What if I told you that over one-third of recently-deployed Ethereum smart contracts consist mostly of unusable junk?
We recently identified a bug in the solidity compiler, resulting in the inclusion of dead code in the deployed bytecode of contracts.
What we did not know (and did not expect!) was how pervasive the bug was, affecting (almost certainly) many tens of thousands of contracts and the majority of their deployed bytecode.
We discovered the bug when evaluating Gigahorse, our open source binary-lifter underpinning the decompiler and analyzer at https://library.dedaub.com/, οn recently deployed contracts.
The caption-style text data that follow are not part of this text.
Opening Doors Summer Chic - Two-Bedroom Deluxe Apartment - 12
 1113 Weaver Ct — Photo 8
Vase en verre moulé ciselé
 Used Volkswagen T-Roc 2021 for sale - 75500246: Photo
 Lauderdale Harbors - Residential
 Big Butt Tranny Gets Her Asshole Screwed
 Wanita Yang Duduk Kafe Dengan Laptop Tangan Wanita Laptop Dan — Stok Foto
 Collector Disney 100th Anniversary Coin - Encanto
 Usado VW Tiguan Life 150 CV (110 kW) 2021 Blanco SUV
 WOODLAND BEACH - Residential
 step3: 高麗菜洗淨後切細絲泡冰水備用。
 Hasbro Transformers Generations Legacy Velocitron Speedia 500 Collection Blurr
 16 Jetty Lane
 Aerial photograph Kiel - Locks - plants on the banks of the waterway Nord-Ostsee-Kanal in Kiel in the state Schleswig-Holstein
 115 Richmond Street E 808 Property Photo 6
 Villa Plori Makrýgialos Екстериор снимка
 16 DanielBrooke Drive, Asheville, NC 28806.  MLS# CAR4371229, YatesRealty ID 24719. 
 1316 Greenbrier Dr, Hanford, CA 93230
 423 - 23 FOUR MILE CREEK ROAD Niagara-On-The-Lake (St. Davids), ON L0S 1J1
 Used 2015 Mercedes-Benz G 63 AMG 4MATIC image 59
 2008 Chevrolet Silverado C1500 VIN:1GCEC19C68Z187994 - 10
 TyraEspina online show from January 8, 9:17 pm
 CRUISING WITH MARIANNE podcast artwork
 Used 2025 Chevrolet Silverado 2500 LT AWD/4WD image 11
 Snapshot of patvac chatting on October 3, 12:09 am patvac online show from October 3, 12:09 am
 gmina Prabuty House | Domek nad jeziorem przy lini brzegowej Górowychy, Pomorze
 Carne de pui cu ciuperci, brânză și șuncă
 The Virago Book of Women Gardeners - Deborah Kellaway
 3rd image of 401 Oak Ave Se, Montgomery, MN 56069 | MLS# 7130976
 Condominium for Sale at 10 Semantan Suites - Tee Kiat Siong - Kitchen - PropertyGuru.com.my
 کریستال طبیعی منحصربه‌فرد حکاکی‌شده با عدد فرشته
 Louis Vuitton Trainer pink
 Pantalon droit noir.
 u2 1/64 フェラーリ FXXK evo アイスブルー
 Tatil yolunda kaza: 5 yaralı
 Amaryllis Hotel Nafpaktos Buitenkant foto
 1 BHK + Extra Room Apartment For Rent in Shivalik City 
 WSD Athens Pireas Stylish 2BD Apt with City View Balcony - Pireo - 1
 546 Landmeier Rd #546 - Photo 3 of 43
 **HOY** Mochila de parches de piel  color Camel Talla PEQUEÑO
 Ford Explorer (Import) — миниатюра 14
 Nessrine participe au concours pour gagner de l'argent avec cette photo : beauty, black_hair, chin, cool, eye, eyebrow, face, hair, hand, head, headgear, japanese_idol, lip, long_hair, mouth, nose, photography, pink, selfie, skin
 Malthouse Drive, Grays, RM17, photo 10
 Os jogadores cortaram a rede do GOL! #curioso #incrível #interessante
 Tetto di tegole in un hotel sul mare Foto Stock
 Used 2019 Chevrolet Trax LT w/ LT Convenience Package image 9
We originally reported this bug back in November. Following the Solidity team’s acknowledgement of the issue, we performed experiments at scale to investigate the impact.
We had no idea…
Issue description
The bug manifests itself when library methods are only called by a contract’s constructor. The EVM bytecode produced by these methods should only be part of the contract’s creation bytecode (initcode). However, the low-level code implementing these “dead” library methods makes it to the contract’s runtime bytecode, increasing its size for no benefit.
Simple real world example
Looking at an EIP1967 proxy contract deployed at Ethereum address 0x5bbb007b32828f4550cd2a3d16c8dbe3c555ef90. The decompilation output of Dedaub’s contract library shows what the on chain code really does:
// Decompiled by library.dedaub.com
// 2023.01.16 02:06 UTC
// Data structures and variables inferred from the use of storage instructions
address _fallback; // STORAGE[0x360894a13ba1a3210667c828492db98dca3e2076cc3735a920a3ca505d382bbc] bytes 0 to 19
function () public payable {
v0 = _fallback.delegatecall(MEM[0 len msg.data.length], MEM[0 len 0]).gas(msg.gas);
require(v0); // checks call status, propagates error data on error
return MEM[0 len (RETURNDATASIZE())];
}
function implementation() public nonPayable {
return _fallback;
}
// Note: The function selector is not present in the original solidity code.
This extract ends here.